> **Work to be completed**:
Each record must be repeated exactly. None may be dropped.

### Record excerpts ###

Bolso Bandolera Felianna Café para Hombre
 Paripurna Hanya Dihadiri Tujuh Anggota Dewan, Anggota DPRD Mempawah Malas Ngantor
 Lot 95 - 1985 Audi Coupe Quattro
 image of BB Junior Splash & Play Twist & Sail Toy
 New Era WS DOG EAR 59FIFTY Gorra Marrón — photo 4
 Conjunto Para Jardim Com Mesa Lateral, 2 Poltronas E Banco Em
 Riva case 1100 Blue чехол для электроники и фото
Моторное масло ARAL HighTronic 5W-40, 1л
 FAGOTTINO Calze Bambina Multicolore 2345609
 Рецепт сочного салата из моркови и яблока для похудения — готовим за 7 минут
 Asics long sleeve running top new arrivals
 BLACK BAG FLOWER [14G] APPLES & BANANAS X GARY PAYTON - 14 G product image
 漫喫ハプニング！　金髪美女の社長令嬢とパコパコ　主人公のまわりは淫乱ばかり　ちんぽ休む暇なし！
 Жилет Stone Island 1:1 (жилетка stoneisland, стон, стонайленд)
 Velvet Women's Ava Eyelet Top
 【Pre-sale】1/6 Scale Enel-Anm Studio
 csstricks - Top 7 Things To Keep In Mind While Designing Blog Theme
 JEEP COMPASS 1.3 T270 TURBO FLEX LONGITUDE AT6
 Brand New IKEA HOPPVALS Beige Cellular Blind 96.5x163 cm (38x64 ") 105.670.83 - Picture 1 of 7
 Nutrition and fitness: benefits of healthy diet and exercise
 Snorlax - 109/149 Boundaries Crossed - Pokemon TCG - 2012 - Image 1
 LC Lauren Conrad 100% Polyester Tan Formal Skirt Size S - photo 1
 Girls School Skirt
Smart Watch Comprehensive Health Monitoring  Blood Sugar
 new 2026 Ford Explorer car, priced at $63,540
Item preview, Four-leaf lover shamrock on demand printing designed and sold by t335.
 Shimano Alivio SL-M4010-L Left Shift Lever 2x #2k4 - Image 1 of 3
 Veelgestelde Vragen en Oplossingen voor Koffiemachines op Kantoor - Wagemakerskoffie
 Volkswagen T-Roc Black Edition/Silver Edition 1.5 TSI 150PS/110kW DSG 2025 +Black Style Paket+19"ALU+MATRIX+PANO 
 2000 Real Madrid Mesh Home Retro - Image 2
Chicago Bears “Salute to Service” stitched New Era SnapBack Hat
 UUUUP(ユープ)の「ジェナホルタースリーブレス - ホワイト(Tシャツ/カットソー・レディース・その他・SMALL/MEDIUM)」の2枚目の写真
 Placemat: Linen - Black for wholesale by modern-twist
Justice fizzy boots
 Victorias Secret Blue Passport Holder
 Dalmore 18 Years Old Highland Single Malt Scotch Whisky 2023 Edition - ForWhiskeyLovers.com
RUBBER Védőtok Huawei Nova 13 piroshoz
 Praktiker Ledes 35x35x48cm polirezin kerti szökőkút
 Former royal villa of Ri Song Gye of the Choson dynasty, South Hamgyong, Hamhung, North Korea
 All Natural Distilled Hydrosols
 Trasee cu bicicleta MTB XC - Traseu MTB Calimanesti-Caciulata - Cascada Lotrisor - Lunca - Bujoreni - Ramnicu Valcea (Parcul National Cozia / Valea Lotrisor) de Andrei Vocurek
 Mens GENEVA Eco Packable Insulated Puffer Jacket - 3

###

> **Solved exercise**:
Bolso Bandolera Felianna Café para Hombre
 Paripurna Hanya Dihadiri Tujuh Anggota Dewan, Anggota DPRD Mempawah Malas Ngantor
 Lot 95 - 1985 Audi Coupe Quattro
 image of BB Junior Splash & Play Twist & Sail Toy
 New Era WS DOG EAR 59FIFTY Gorra Marrón — photo 4
 Conjunto Para Jardim Com Mesa Lateral, 2 Poltronas E Banco Em
 Riva case 1100 Blue чехол для электроники и фото
Моторное масло ARAL HighTronic 5W-40, 1л
 FAGOTTINO Calze Bambina Multicolore 2345609
 Рецепт сочного салата из моркови и яблока для похудения — готовим за 7 минут
 Asics long sleeve running top new arrivals
 BLACK BAG FLOWER [14G] APPLES & BANANAS X GARY PAYTON - 14 G product image
 漫喫ハプニング！　金髪美女の社長令嬢とパコパコ　主人公のまわりは淫乱ばかり　ちんぽ休む暇なし！
 Жилет Stone Island 1:1 (жилетка stoneisland, стон, стонайленд)
 Velvet Women's Ava Eyelet Top
 【Pre-sale】1/6 Scale Enel-Anm Studio
 csstricks - Top 7 Things To Keep In Mind While Designing Blog Theme
 JEEP COMPASS 1.3 T270 TURBO FLEX LONGITUDE AT6
 Brand New IKEA HOPPVALS Beige Cellular Blind 96.5x163 cm (38x64 ") 105.670.83 - Picture 1 of 7
 Nutrition and fitness: benefits of healthy diet and exercise
 Snorlax - 109/149 Boundaries Crossed - Pokemon TCG - 2012 - Image 1
 LC Lauren Conrad 100% Polyester Tan Formal Skirt Size S - photo 1
 Girls School Skirt
Smart Watch Comprehensive Health Monitoring  Blood Sugar
 new 2026 Ford Explorer car, priced at $63,540
Item preview, Four-leaf lover shamrock on demand printing designed and sold by t335.
 Shimano Alivio SL-M4010-L Left Shift Lever 2x #2k4 - Image 1 of 3
 Veelgestelde Vragen en Oplossingen voor Koffiemachines op Kantoor - Wagemakerskoffie
 Volkswagen T-Roc Black Edition/Silver Edition 1.5 TSI 150PS/110kW DSG 2025 +Black Style Paket+19"ALU+MATRIX+PANO 
 2000 Real Madrid Mesh Home Retro - Image 2
Chicago Bears “Salute to Service” stitched New Era SnapBack Hat
 UUUUP(ユープ)の「ジェナホルタースリーブレス - ホワイト(Tシャツ/カットソー・レディース・その他・SMALL/MEDIUM)」の2枚目の写真
 Placemat: Linen - Black for wholesale by modern-twist
Justice fizzy boots
 Victorias Secret Blue Passport Holder
 Dalmore 18 Years Old Highland Single Malt Scotch Whisky 2023 Edition - ForWhiskeyLovers.com
RUBBER Védőtok Huawei Nova 13 piroshoz
 Praktiker Ledes 35x35x48cm polirezin kerti szökőkút
 Former royal villa of Ri Song Gye of the Choson dynasty, South Hamgyong, Hamhung, North Korea
 All Natural Distilled Hydrosols
 Trasee cu bicicleta MTB XC - Traseu MTB Calimanesti-Caciulata - Cascada Lotrisor - Lunca - Bujoreni - Ramnicu Valcea (Parcul National Cozia / Valea Lotrisor) de Andrei Vocurek
 Mens GENEVA Eco Packable Insulated Puffer Jacket - 3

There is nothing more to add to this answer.